• [Records for this task]
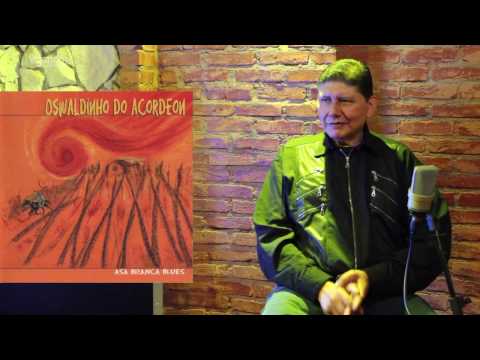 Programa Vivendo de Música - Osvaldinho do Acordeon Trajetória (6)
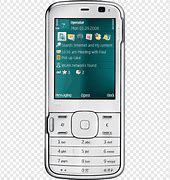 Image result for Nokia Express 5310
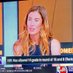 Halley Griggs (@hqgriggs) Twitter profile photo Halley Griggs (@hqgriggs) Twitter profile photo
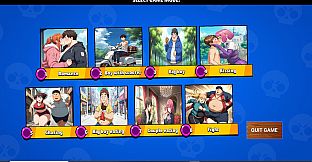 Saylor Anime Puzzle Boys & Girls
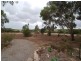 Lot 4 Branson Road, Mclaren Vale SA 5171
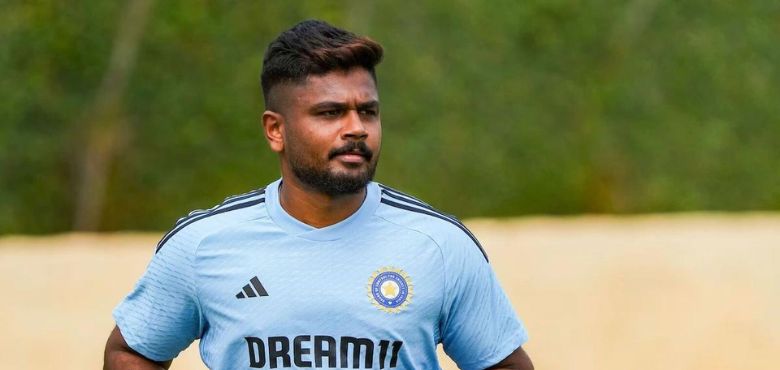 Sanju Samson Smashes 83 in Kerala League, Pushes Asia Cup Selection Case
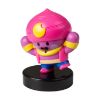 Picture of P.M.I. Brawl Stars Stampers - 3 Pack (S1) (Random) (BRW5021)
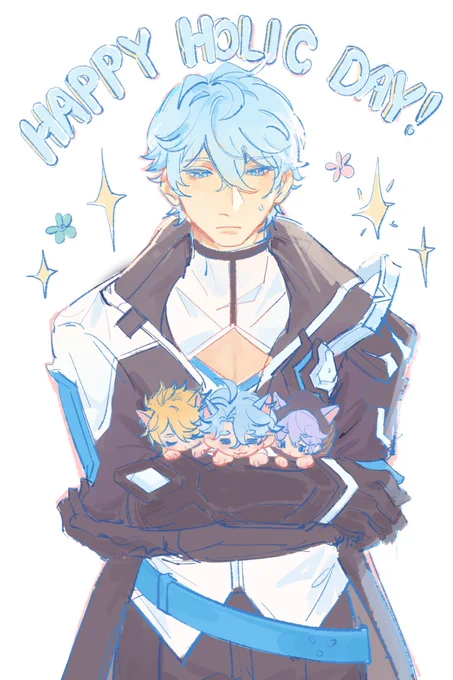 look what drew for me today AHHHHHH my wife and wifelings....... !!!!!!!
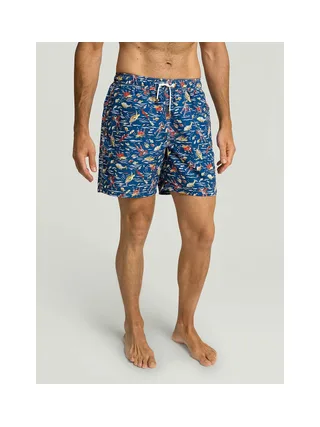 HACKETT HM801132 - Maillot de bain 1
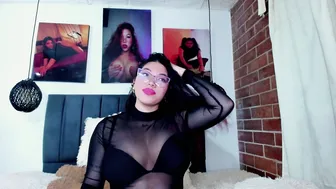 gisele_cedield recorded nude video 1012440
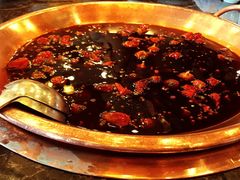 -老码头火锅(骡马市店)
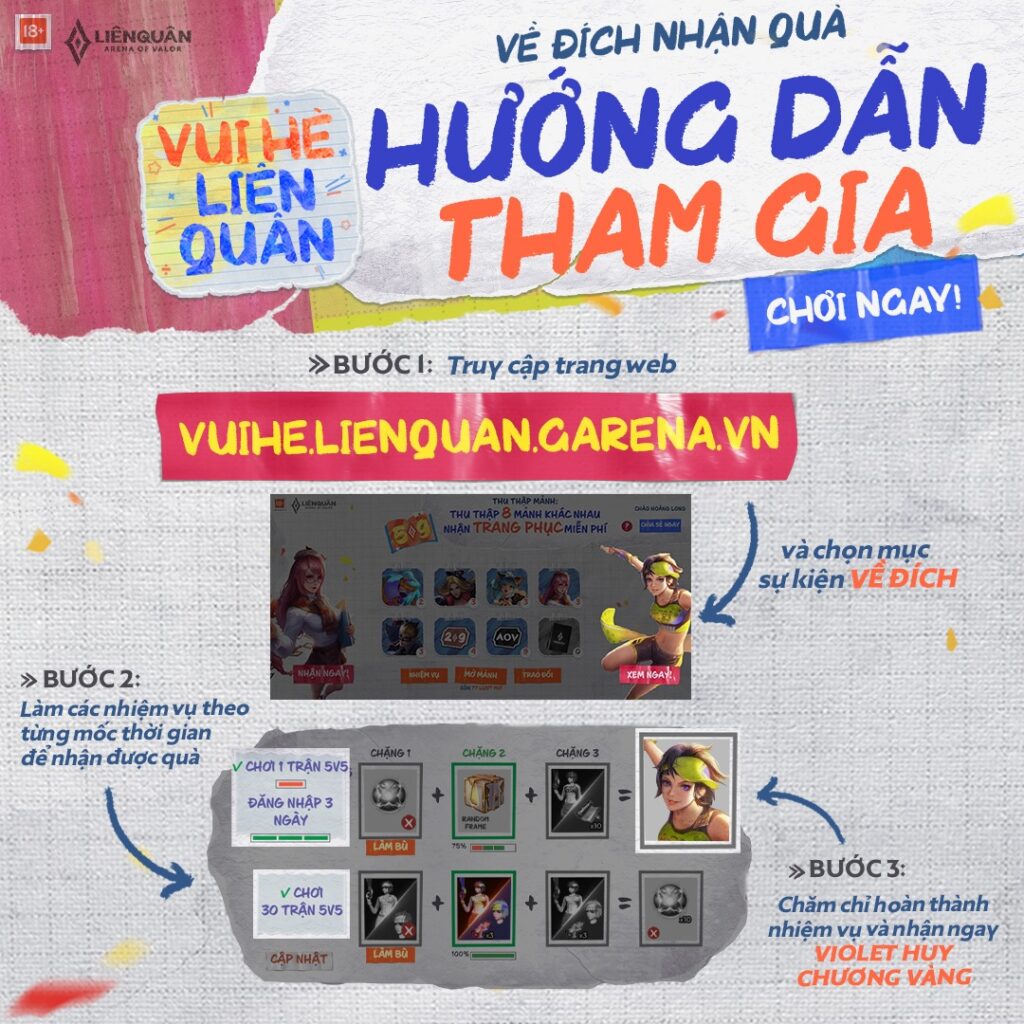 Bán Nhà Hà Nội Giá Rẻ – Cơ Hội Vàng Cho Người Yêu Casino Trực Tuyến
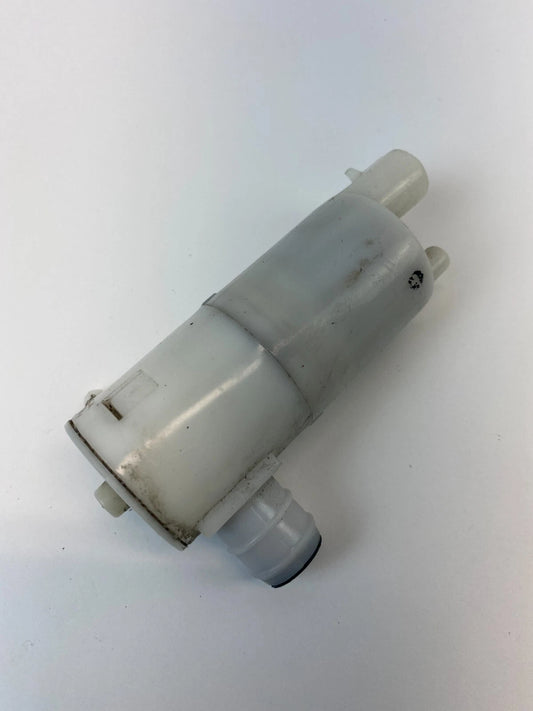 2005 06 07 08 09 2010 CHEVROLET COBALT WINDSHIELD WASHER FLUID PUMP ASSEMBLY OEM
...
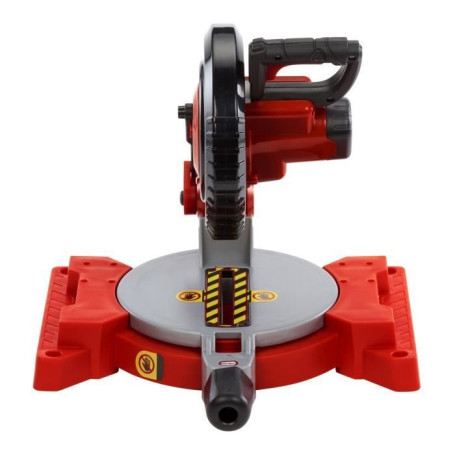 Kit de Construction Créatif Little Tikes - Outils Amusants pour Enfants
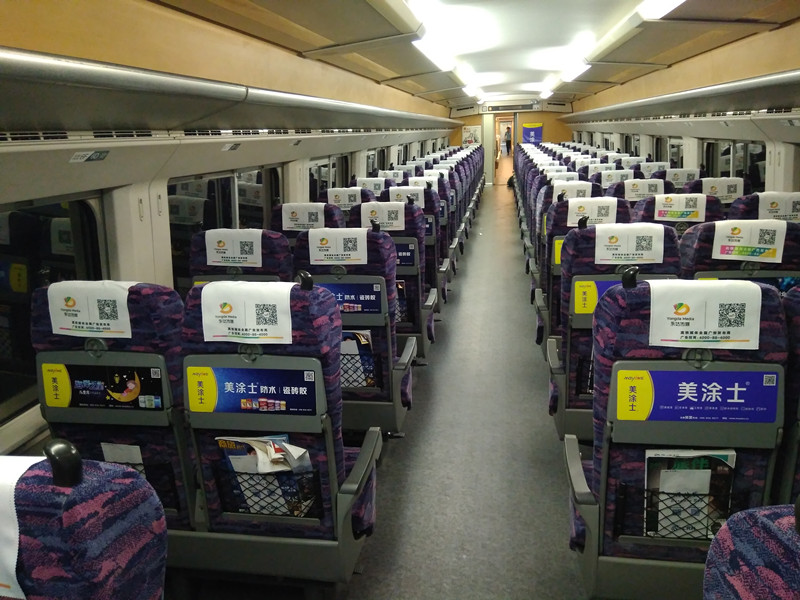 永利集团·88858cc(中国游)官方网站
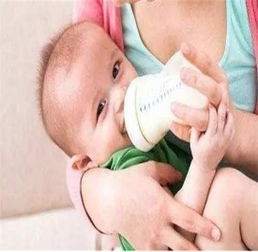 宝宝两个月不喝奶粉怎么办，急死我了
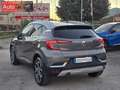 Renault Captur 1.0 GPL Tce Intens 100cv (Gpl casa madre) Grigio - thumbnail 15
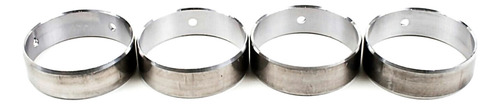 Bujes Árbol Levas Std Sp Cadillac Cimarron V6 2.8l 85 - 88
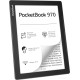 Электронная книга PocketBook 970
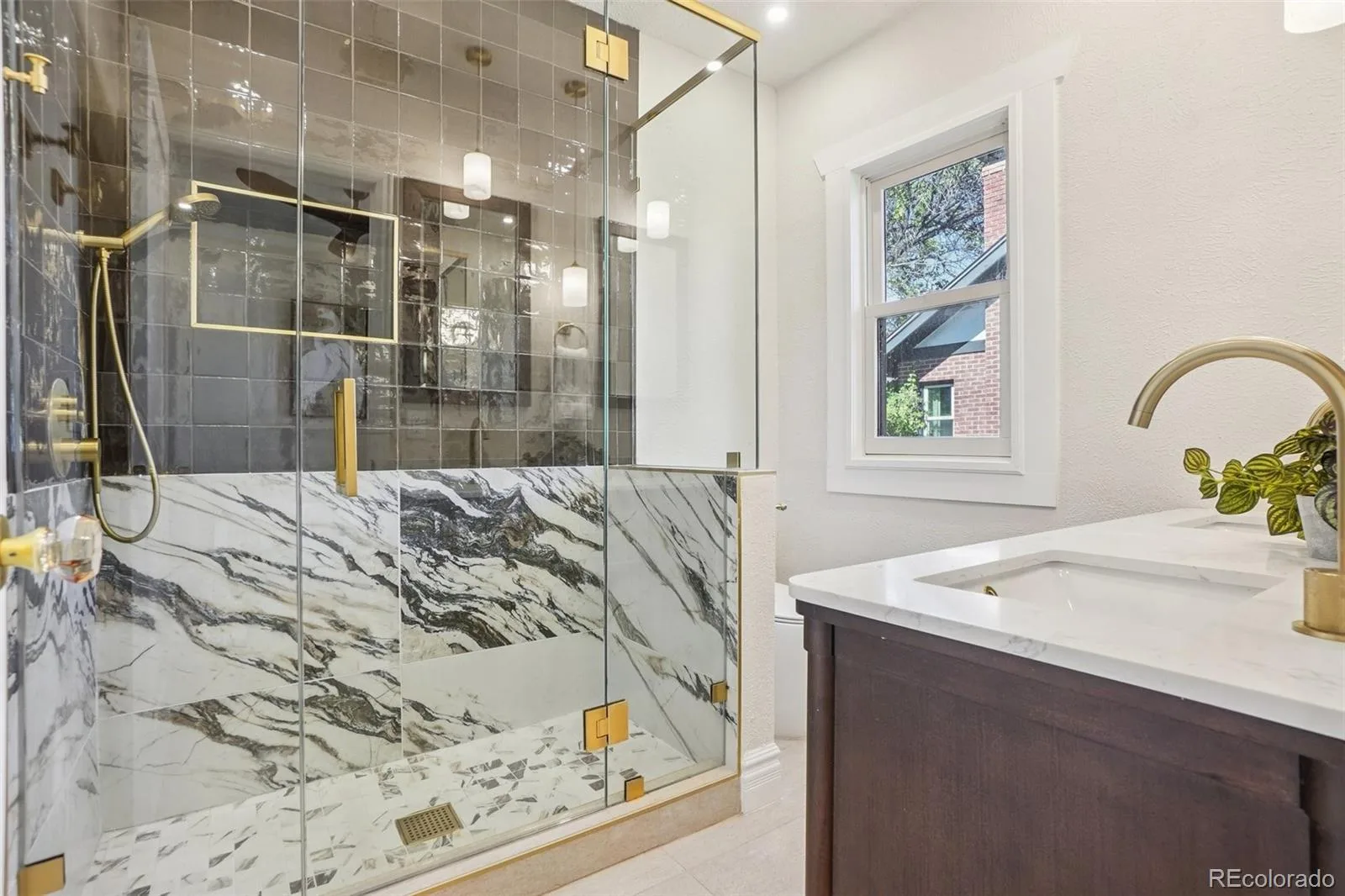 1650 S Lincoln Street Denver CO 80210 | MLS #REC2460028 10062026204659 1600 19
...
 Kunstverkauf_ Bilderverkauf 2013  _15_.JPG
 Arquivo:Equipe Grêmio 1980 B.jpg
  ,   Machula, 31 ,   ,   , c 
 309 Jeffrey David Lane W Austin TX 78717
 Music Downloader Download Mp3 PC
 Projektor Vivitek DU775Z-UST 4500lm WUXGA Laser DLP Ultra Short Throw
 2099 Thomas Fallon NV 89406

• [Required work] Above are the records; copy exactly the lines from the one with "Электронная книга PocketBook 970" through the one with "1650 S Lincoln", including both, and nothing more. Leave out pictures.

• [Response below]
 Электронная книга PocketBook 970
 1650 S Lincoln Street Denver CO 80210 | MLS #REC2460028 10062026204659 1600 19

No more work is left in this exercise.